**Dataset section**
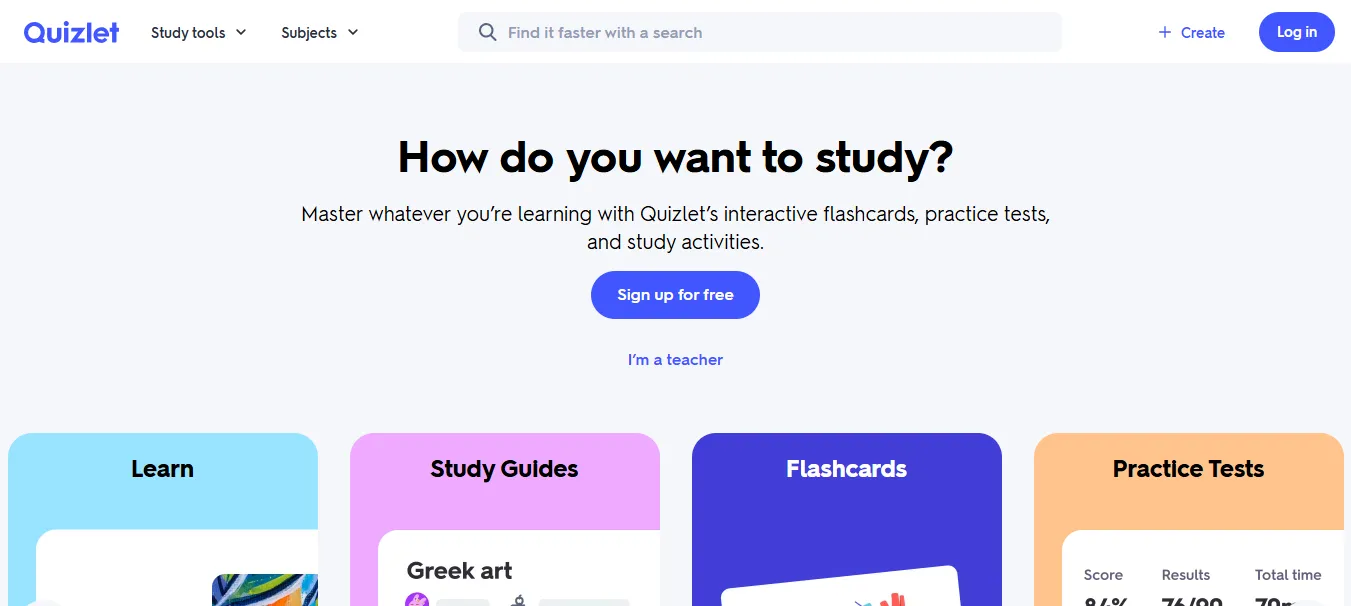 Quizlet сандық сынып құралы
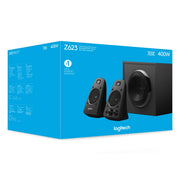 Logitech Z623 Speaker System with Subwoofer, Black | 980-000404 Speaker Logitech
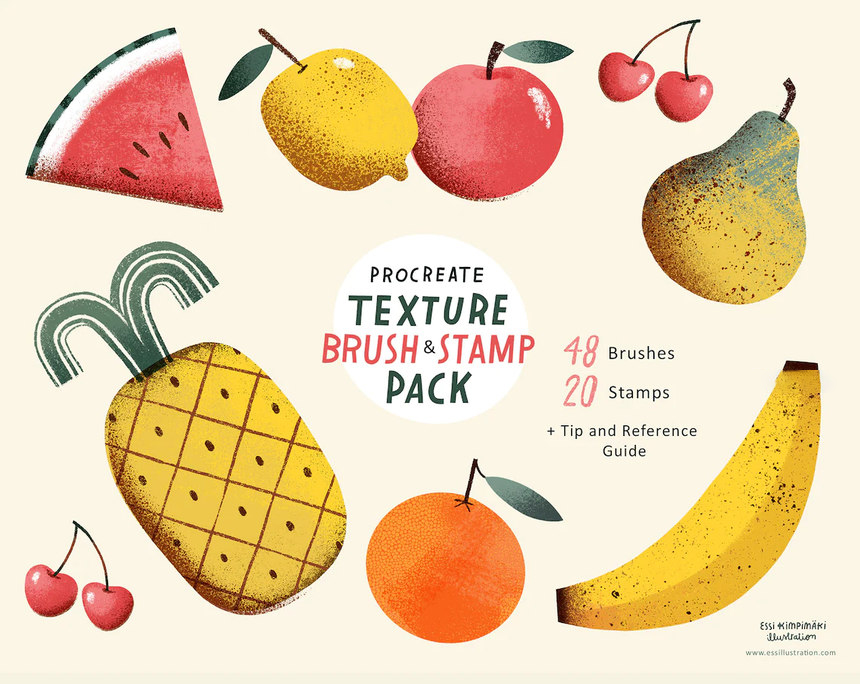 Procreate笔刷-线条纹理图案插画Procreate笔刷素材 笔刷资源 第2张-素材湾丨精选海外优质设计素材资源 Procreate笔刷-线条纹理图案插画Procreate笔刷素材 笔刷资源 sucaiwan.com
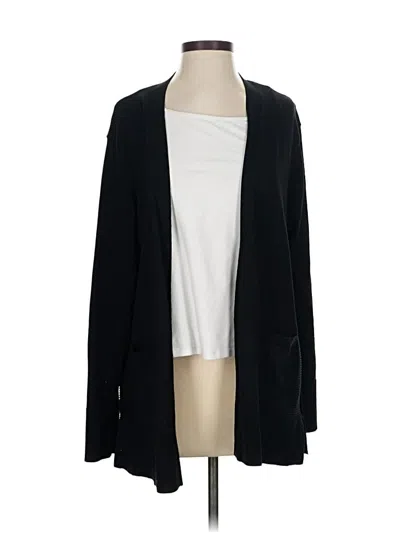 Pre-owned Liz Claiborne Cardigan Sweater In Black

**Directions**
Print only the lines running from the one containing "Procreate笔刷-线条纹理图案插画Procreate笔刷素材 笔刷资源 第2张-素材湾丨精选海外优质设计素材资源" to the end of the data above, exactly; include no pictures.

**Exercise response**
 Procreate笔刷-线条纹理图案插画Procreate笔刷素材 笔刷资源 第2张-素材湾丨精选海外优质设计素材资源 Procreate笔刷-线条纹理图案插画Procreate笔刷素材 笔刷资源 sucaiwan.com
 Pre-owned Liz Claiborne Cardigan Sweater In Black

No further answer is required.